[Given records — start]

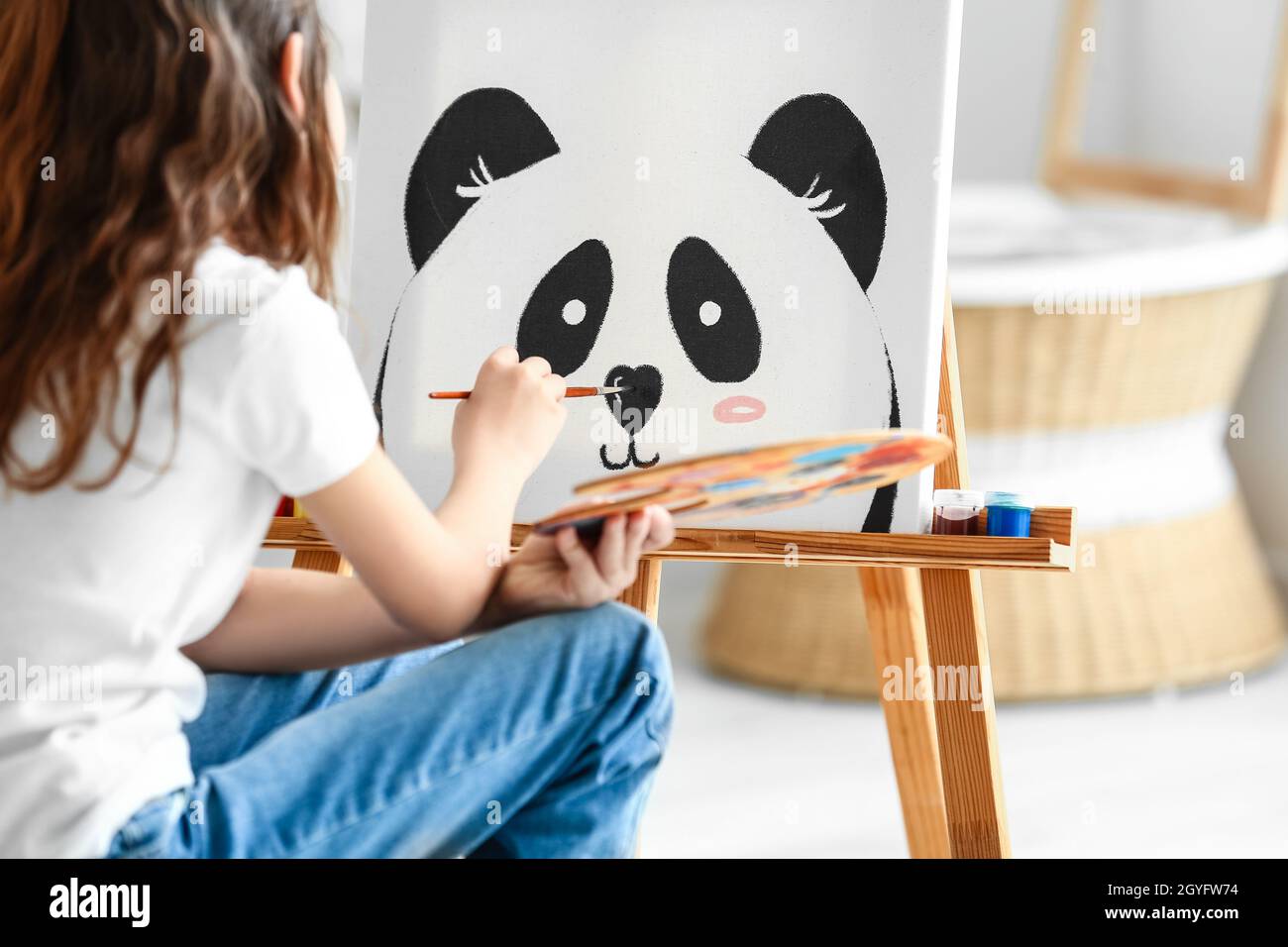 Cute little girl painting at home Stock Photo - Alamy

[Given records — finish]
[Given records — start]

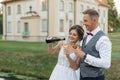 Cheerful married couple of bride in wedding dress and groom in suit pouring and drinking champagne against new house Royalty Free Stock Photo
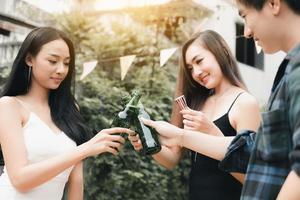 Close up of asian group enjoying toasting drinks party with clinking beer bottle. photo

[Given records — finish]
[Given records — start]

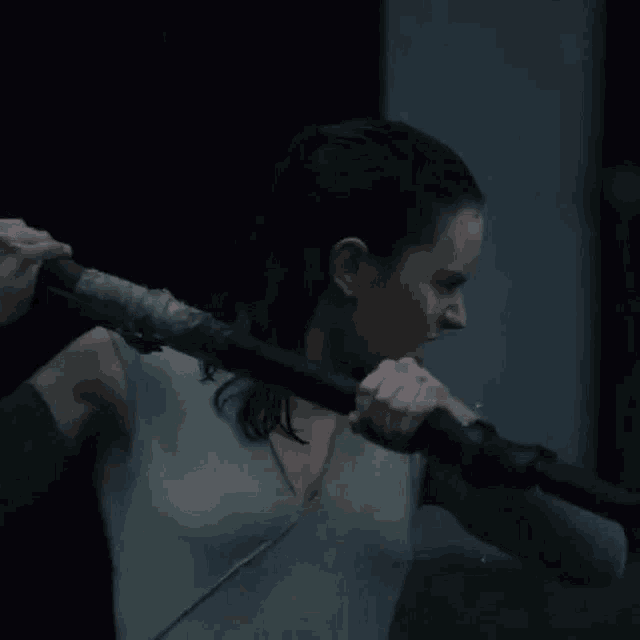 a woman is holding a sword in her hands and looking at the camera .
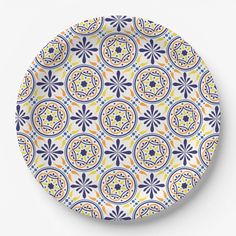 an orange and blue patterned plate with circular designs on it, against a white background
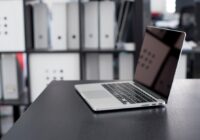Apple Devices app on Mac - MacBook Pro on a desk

[Given records — finish]

## Exercise details
Respond with the exact lines above running from the one containing "an orange and" to the one containing "Apple Devices app", both ends kept and no pictures included.

## Answer for this exercise
 an orange and blue patterned plate with circular designs on it, against a white background
Apple Devices app on Mac - MacBook Pro on a desk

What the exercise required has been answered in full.